It is obvious that Humayun could not avail of opportunities to get the support of Rajputs. Due to ups and downs of situation, he had to leave India in 1540 for some years. When he came back and succeeded to capture Delhi in 1555, he suddenly died in 1556.So, like his father, he also could not get time to determine any specific religious policy. But both knew very well how to handle the situation in a multi-religious country. Learning from the past and the experience of his predecessors and the demand of the present situation, Akbar introduced a prolific type of tolerant religious policy which helped to establish the Mughal state in India firmly. His religious policy was intimately connected with his own religious views. He realized that truth is an inhabitant of every place . Because of his liberal religious policy, a notion of national unification and fraternity among Hindu, Muslim, Jain and Buddhist  developed. Till 1567, Akbar could not give greater attention to Banaras because of his early difficulties.

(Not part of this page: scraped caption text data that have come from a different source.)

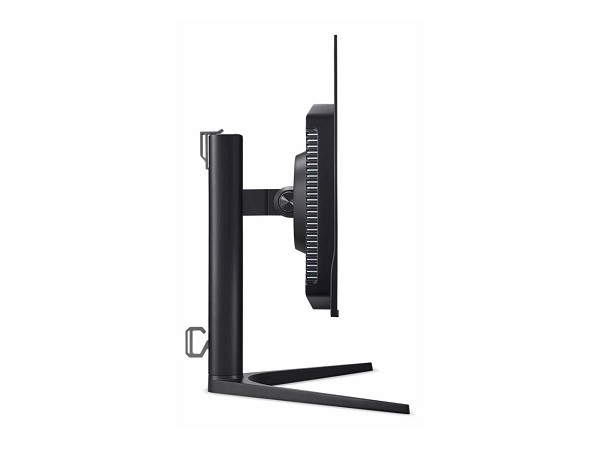 Acer Predator X27U F5bmiippruzx - X Series - OLED- oben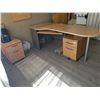 Image 1 : MOBILIER 3 MORCEAUX
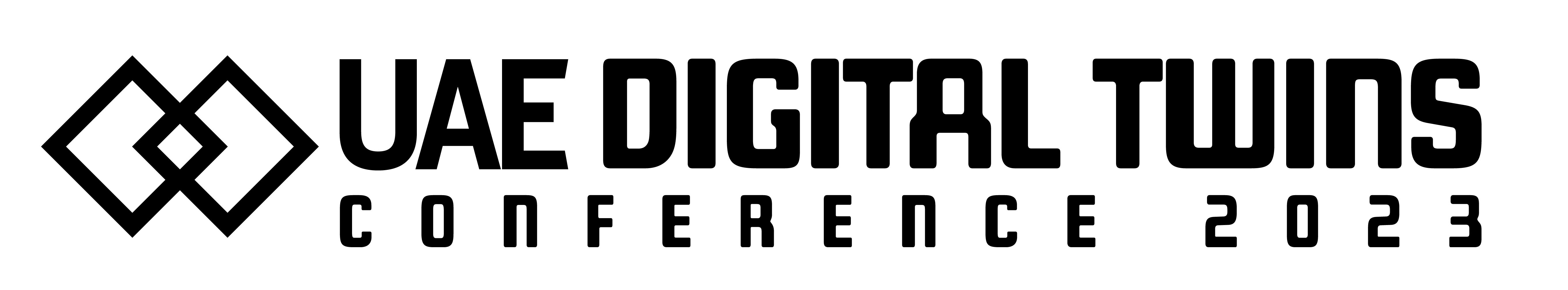uae-digital-twins-conference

In the same year, the Shiqdar (governor) of Banaras was Bayazid Bayat who converted a dilapidated temple to a Madrasah. When Akbar came to know about this, he dismissed Bayazid and gave two villages for the allowances of the teachers of this temple . Thereafter, Akbar gave proper attention to Banaras. Like his father, he also made a grant of 100 bighas of land to the Jangambadi Math of Banaras and confirmed an earlier grant made by Humayun .

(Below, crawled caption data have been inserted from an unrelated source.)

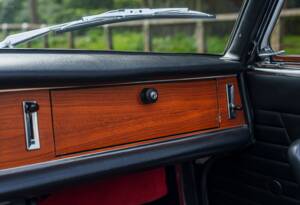 Bild 31/38 von Ferrari 275 GTS (1966)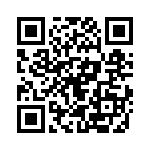 0025021012 QRCode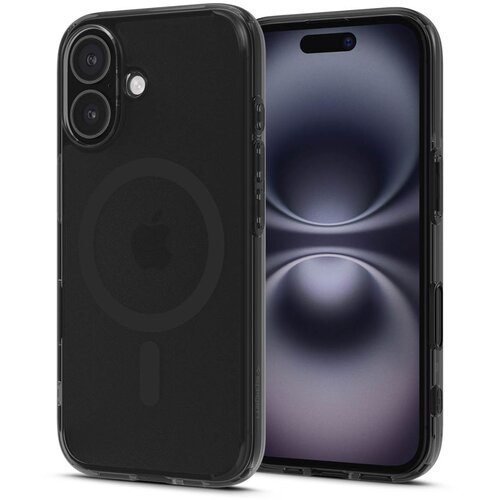 Spigen OVITEK ULTRA HYBRID ZA IPHONE 16 ZA MAGSAFE Z ZA&Scaron;ČITO PRED, (5000062597) Cene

In fact, Akbar not only permitted the rebuilding of temples, but also sponsored them. Some of the Hindu Rajputs of Rajasthan, who were the allies of the emperor, participated actively in the construction of Banaras Ghats and temples during this period. The reconstruction of Vishwanath or Vishveshwar temple was a significant event; Todar Mal rendered in available support through Narain Bhatta to the reconstruction of Vishwanath temple in 1585. He was also responsible in the construction of Draupadikund at Shivapur in 1589 . Man Singh built many Ghats (ford) and temples. Manmandir Ghat is one of the most famous Ghats, which was constructed by him . During this the Kumarswami Math was established at Kedar ghat where the south Indian pilgrims started to visit freely. It is said that Kumar Swami reached Delhi from Banaras and got a Farman from Akbar to establish this math (monastery) in Banaras .

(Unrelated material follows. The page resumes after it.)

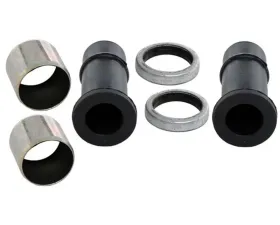 Raybestos R-Line Brake Caliper Bushing Front H16020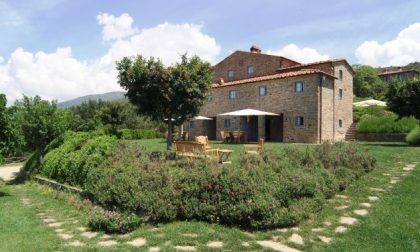 B&B e Agriturismi, attenzione alle scadenze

In 1582, Akbar realized the unification of all religions and introduced a new order that is called in history as ‘Tauhid-i Ilahi’ (the assertion of the unity of God) . We see the influence of this order at Banaras also. A Muslim of Banaras named Gosala Khan who accepted Tauhid-i Ilahi. By the courtesy of Abul Fazal, Gosala Khan got a chance to enter into imperial army . During Akbar’s reign, many foreign travellers visited India. In this sequence, Ralf Finch (c. 1583-91), the first English traveller, visited Banaras. His account gives a vivid picture of the end of the 16th century. He has usually thrown light on every sphere of Banaras. He says that Banaras emerged from the chaos of the early 16th century and evolved freely again in religious life . At the same time, the birth of Tulsidas in Banaras was a significant event in the history of Banaras in the period of Akbar and Jahangir. In his ‘Vinay Patrika’, he mentioned about the munificent activities of these two rulers. We can understand about the contemporary beliefs, temples etc. related to Banaras from his ‘Vinay Patrika’ . On the basis of the above, we can say that Banaras had reached the peak of syncretism in the early 17th century.
At the death of Akbar, the Mughal state ruled over almost the whole of northern India and some parts of the south. Due to Akbar’s policies, the Indians started to conceive the Mughals as Indians and not foreigners. So it was necessary for Jahangir to maintain this position. Indeed Jahangir did according to the situation. After his accession, he issued 12 edicts; among them was an admonition to high nobles especially in border areas against forcing Islam on any of the subjects of the empire . Jahangir experimented in the simultaneous maintenance of several religions by the state. More than seventy temples were built in Banaras alone towards the end of his reign; however, all these temples were not completed when Jahangir died . At this time, a Central Asian traveller, Mahmud bin Amir Ali Balkhi visited Banaras and was horrified to see a group of 23 Muslims (former Hindus) who had deserted their religion and turned Hindu, after having fallen in love with Hindu women. For some time, he held their company and questioned them about their mistaken ways. They pointed towards the sky and put their fingers on their foreheads. By this gesture, he understood that they attributed it to Providence . So, this indicates that everybody was free to follow his religion without any fear in Banaras during Jahangir’s reign.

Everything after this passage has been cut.